> _Exercise goal_
Reproduce every entry word for word. Drop all pictures from the copy.

> _Dataset_
┄┄┄┄┄┄┄┄┄┄

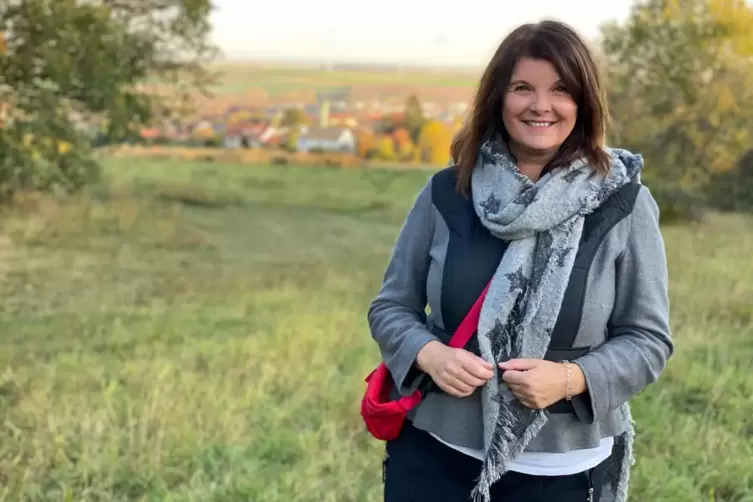 Der Ausblick auf Kirchheimbolanden hat es Sabine Wienpahl angetan. 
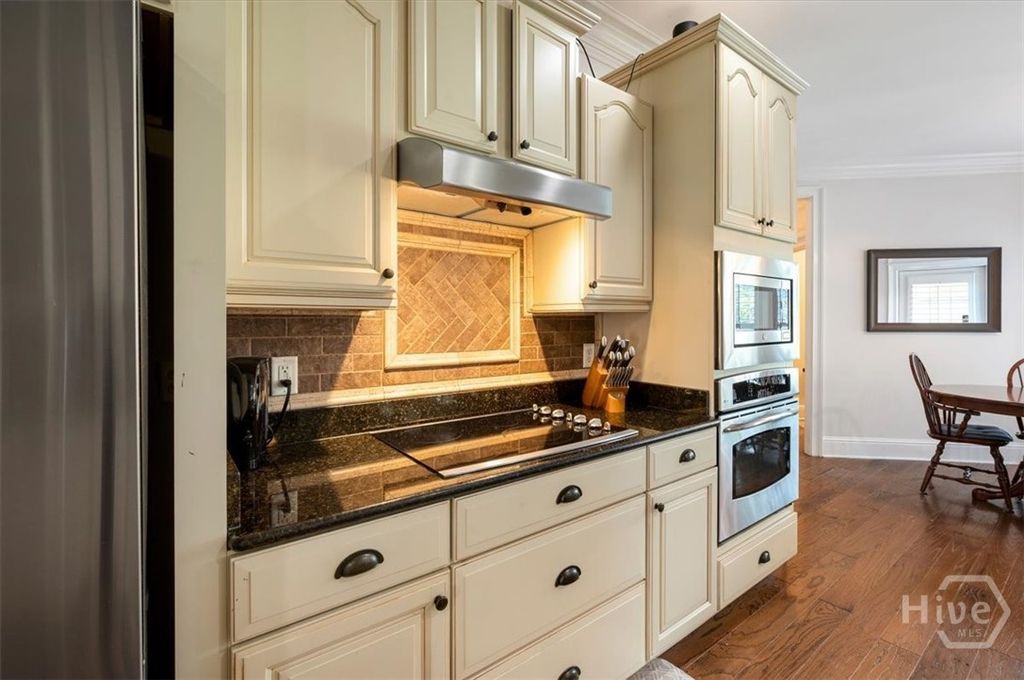 Image 12 of property listing at 2 Misty Marsh Drive, Savannah, GA 31419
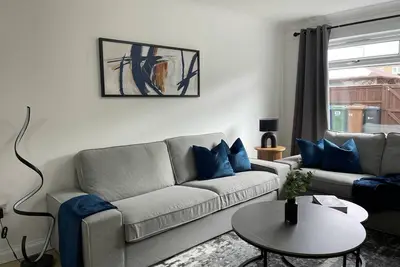Image de Modern Home Near To Airport | Free Parking & Wifi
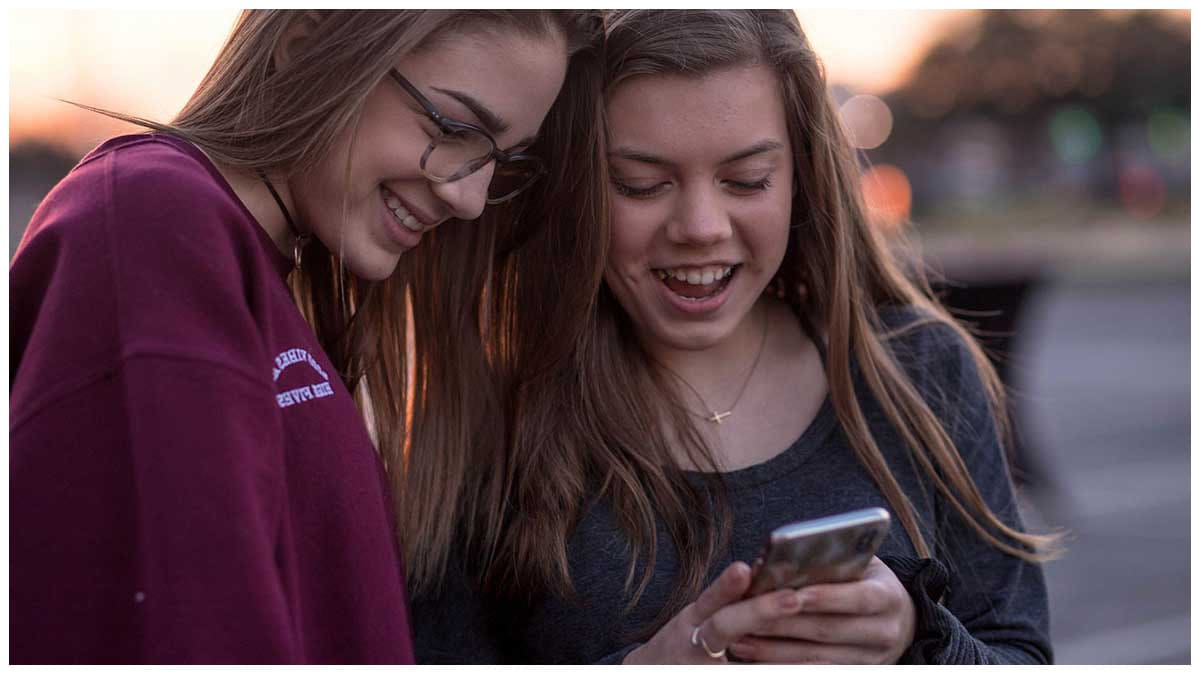 Offres choc : Forfaits illimités à moins de 5€ ! Découvrez les avantages de Free Mobile, RED by SFR, B&You, Auchan Telecom et YouPrice !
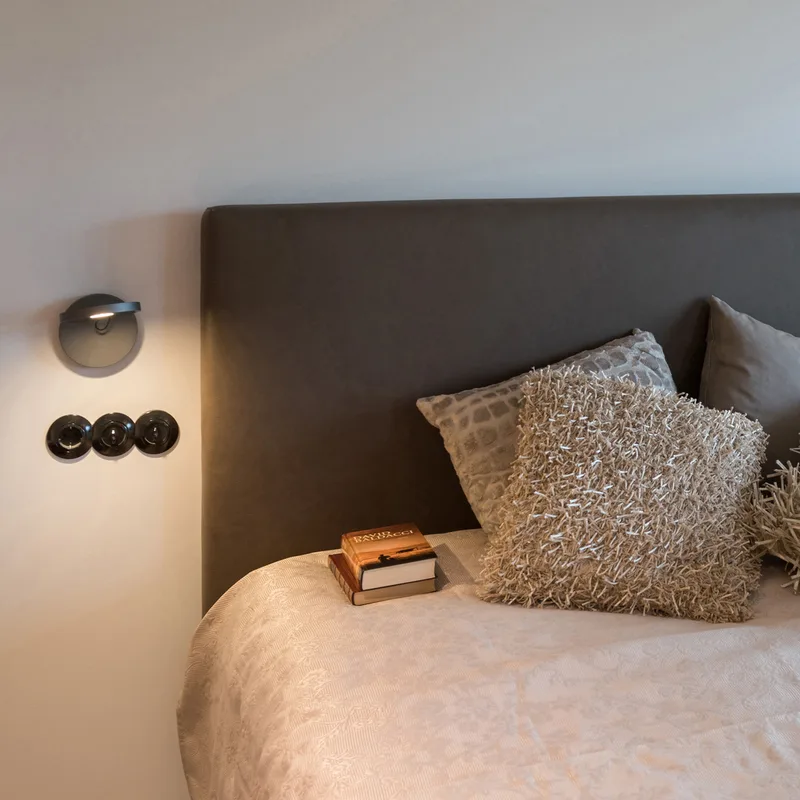 Demetra Spotlight, Dimmer, 3.000 K, grau von Artemide – Produktfoto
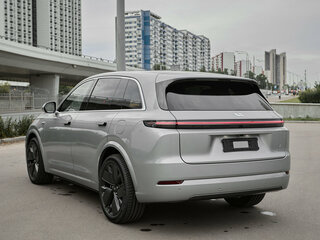 2025 Li Auto (Lixiang) L7 52.3 kWh I Рестайлинг, серебристый, 10690000 рублей, вид 4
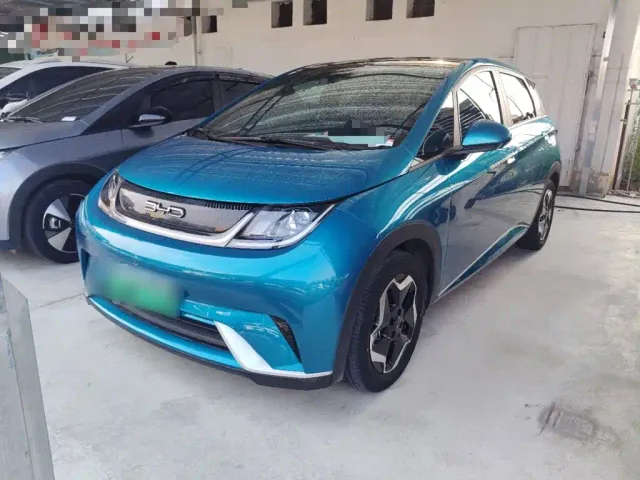 Фотография автомобиля — BYD Dolphin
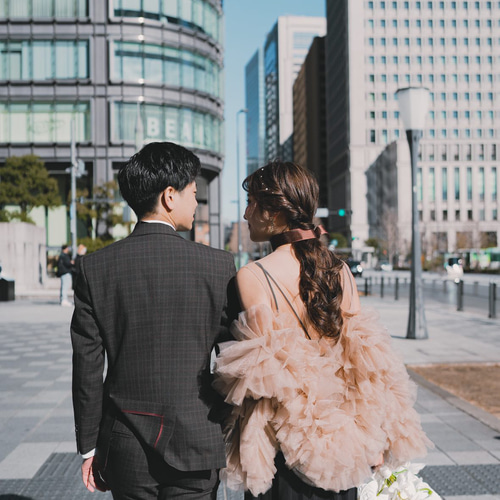 実例写真！トップス あんず色 ソフトチュール ふわふわ袖 前撮り 2次会  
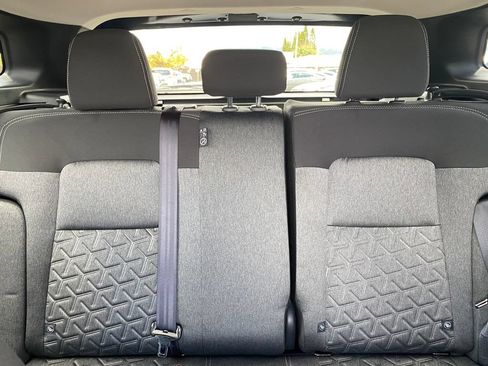 Used 2026 Nissan Kicks SV FWD image 18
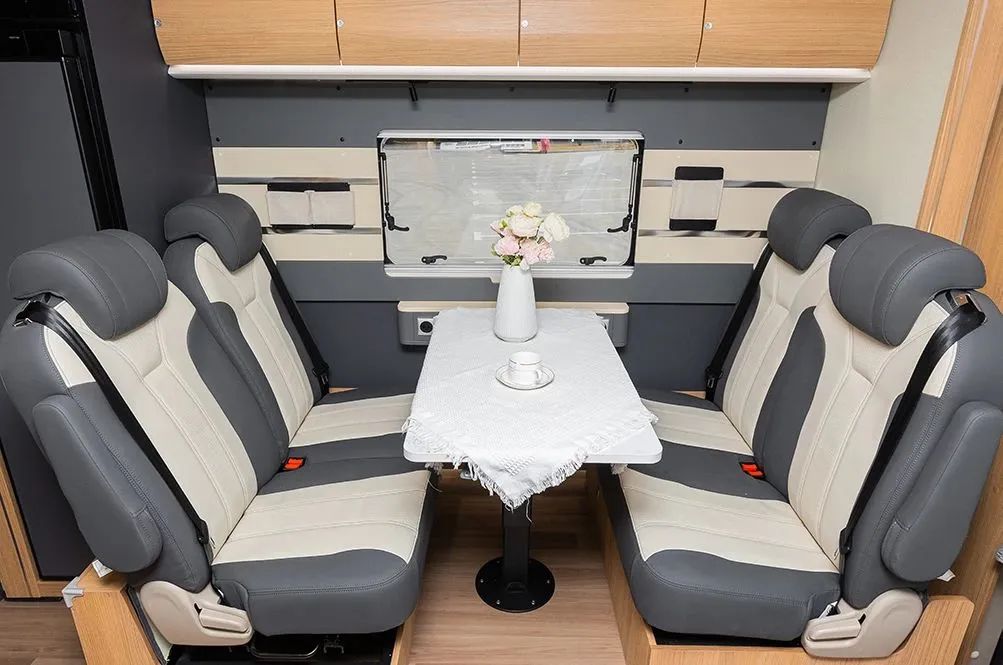 感受生活的松弛感，和宇通C535旗艦版雙拓展房車一起出發(fā)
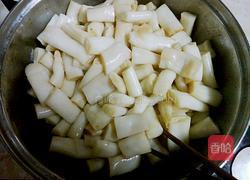 炒猪肠粉的做法图解1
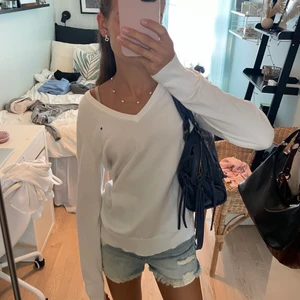 stickad tröja från Tommy Hilfiger - fin stickad tröja från Tommy Hilfiger. Knappt använd💕 Möts upp i Sthlm Elr fraktar men då står du för frakten✨ !!! Kolla gärna mina andra annonser !!!🤩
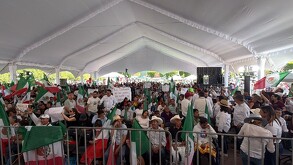 Alrededor de 6 mil personas provenientes de distintos municipios de Querétaro se congregaron este domingo en la capital del estado.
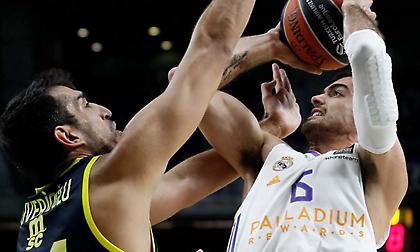 Όρθια με ανατροπή η Ρεάλ, «αυτόχειρας» η Φενέρ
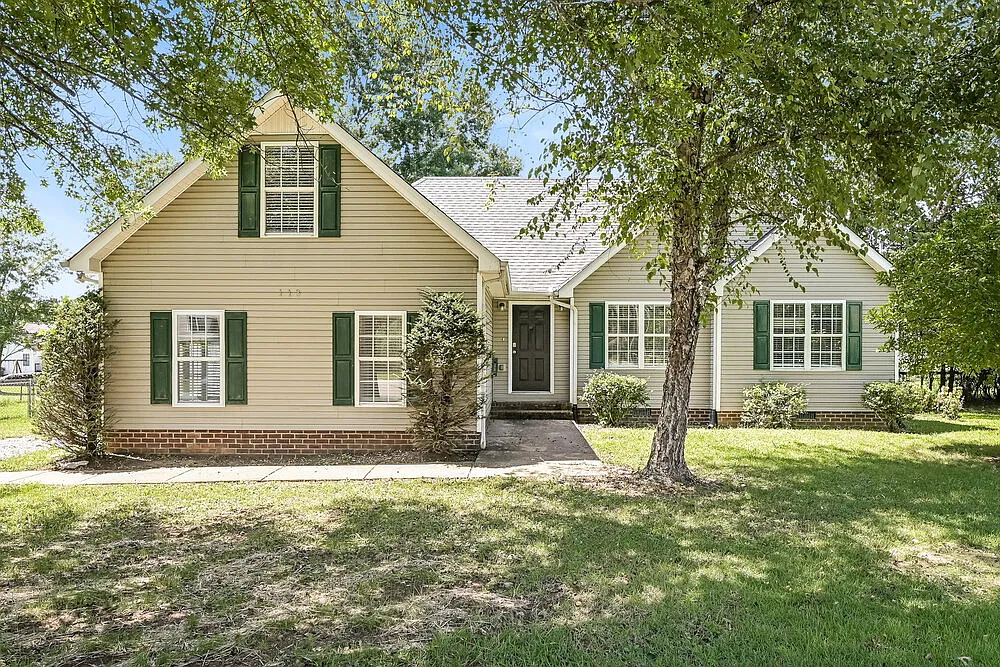 4 bed, 2.0 bath, 1940 sqft, $2,425 — Photo 1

┄┄┄┄┄┄┄┄┄┄

> _Solution_
 Der Ausblick auf Kirchheimbolanden hat es Sabine Wienpahl angetan. 
 Image 12 of property listing at 2 Misty Marsh Drive, Savannah, GA 31419
Image de Modern Home Near To Airport | Free Parking & Wifi
 Offres choc : Forfaits illimités à moins de 5€ ! Découvrez les avantages de Free Mobile, RED by SFR, B&You, Auchan Telecom et YouPrice !
 Demetra Spotlight, Dimmer, 3.000 K, grau von Artemide – Produktfoto
 2025 Li Auto (Lixiang) L7 52.3 kWh I Рестайлинг, серебристый, 10690000 рублей, вид 4
 Фотография автомобиля — BYD Dolphin
 実例写真！トップス あんず色 ソフトチュール ふわふわ袖 前撮り 2次会  
 Used 2026 Nissan Kicks SV FWD image 18
 感受生活的松弛感，和宇通C535旗艦版雙拓展房車一起出發(fā)
 炒猪肠粉的做法图解1
 stickad tröja från Tommy Hilfiger - fin stickad tröja från Tommy Hilfiger. Knappt använd💕 Möts upp i Sthlm Elr fraktar men då står du för frakten✨ !!! Kolla gärna mina andra annonser !!!🤩
 Alrededor de 6 mil personas provenientes de distintos municipios de Querétaro se congregaron este domingo en la capital del estado.
 Όρθια με ανατροπή η Ρεάλ, «αυτόχειρας» η Φενέρ
 4 bed, 2.0 bath, 1940 sqft, $2,425 — Photo 1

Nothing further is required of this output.